My career has hit a ceiling. I rush home each evening to cook dinner, get the kids fed and bathed, and usher them into bed, often with more yelling than I’d like to admit, just to keep to a schedule that barely allows room to breathe.
There’s never enough “Mommy and me” time. Sometimes, there’s not even enough time for a simple “How was your day?”
Then there’s the stress of finances, always there, lurking in the background, quietly suffocating.
The debts don’t just weigh on your bank account; they weigh on your spirit. You say no to yourself so often, it’s become second nature—no new clothes, no salon visits, no time for self-care. And still somehow, it’s not enough. You’re treading water financially, barely keeping your head above the surface.
Sometimes, it feels like I’m working only to survive—not to live. As if I’m constantly catching up, never ahead. And while others around me seem to be thriving, I silently wonder how they’re doing it, how they’re affording family holidays, birthday parties, or even just peace of mind.
And so the pressure builds. The shame. The anxiety. The guilt that comes with every “no” you say to your children. The exhaustion that makes you question everything.
Am I a good mother?
Am I still a good lawyer?
Am I enough?
And after the parenting, the cleaning, the homework, and the late-night drafting of legal briefs, you’re left wondering: Do I have anything left to give as a wife? Does he still see me? Does he still want me? What happened to my dreams? Who is this woman staring back at me in the mirror?
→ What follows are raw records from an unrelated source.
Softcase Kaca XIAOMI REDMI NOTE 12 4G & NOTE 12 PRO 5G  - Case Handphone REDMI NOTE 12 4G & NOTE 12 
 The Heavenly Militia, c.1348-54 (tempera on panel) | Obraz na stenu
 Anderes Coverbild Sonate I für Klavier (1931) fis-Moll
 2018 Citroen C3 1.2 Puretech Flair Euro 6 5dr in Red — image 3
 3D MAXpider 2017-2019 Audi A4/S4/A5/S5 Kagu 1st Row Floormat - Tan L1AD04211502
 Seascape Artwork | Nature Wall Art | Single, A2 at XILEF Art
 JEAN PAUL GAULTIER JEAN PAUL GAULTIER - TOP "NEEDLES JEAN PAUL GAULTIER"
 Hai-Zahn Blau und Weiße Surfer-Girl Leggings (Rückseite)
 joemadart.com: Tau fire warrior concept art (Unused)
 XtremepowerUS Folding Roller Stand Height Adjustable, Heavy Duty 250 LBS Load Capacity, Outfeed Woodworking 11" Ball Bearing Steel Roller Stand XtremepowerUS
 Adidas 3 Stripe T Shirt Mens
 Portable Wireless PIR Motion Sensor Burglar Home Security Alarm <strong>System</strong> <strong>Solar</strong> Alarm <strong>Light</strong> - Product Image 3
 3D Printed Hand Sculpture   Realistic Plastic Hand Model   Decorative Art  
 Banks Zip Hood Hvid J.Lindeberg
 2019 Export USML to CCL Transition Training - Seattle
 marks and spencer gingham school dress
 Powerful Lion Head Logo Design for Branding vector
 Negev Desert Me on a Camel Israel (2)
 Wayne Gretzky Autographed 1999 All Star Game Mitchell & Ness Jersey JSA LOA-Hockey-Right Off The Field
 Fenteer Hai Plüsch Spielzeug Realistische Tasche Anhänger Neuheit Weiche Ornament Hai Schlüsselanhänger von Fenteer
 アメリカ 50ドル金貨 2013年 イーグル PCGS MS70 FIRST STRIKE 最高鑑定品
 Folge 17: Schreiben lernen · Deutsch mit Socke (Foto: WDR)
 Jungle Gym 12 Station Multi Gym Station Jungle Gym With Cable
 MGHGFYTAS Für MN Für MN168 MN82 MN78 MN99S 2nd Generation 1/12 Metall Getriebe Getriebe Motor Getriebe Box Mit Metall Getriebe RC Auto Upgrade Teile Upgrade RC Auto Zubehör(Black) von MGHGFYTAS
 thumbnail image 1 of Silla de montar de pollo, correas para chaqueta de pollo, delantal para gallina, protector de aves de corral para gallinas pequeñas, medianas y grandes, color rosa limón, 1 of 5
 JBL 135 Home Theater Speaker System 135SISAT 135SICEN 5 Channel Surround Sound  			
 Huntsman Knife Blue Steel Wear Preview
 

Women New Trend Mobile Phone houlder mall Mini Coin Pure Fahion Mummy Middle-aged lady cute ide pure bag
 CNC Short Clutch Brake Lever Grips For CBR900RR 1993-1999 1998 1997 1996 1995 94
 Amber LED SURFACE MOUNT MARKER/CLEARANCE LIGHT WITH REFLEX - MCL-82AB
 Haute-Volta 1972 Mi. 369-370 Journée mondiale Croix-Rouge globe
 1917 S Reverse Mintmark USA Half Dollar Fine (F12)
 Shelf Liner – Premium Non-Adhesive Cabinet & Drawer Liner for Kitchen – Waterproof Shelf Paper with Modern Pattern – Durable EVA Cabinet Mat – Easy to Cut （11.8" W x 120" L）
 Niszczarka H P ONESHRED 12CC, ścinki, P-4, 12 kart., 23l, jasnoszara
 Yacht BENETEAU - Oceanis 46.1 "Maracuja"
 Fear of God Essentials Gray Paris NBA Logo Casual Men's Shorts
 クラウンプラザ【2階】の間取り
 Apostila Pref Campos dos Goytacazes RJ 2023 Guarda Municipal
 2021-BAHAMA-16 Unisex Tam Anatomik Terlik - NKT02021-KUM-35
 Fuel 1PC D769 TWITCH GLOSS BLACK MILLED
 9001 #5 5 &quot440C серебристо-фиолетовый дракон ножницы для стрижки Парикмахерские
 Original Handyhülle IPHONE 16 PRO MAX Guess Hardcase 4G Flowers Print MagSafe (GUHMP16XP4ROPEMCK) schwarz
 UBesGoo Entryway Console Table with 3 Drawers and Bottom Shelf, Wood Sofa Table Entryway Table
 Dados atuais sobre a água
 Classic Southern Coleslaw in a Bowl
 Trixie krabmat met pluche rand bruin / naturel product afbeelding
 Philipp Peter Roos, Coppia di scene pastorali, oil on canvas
But after all of it—after being a wife, a mother, a professional—you steal a quiet moment for yourself. Sometimes it’s a silent cry in the shower, where the sound of the water drowns out the ache in your chest. A space where no one can ask for anything, where no one needs you to be strong.
And then, somehow, you pull yourself together.
You dry your tears, lay out school uniforms, pack lunchboxes, review court documents, kiss little foreheads, and pour cereal like nothing’s wrong. You wake up the next morning and do it all over again.
Because that’s what mothers do. That’s what women do.
We keep everything together. We keep everyone happy. We carry the weight of the world on our shoulders—with smiles on our faces and storms brewing quietly inside.
And even though no one may see the cracks, you feel every one of them. You live with them. And yet, you rise. Again. And again.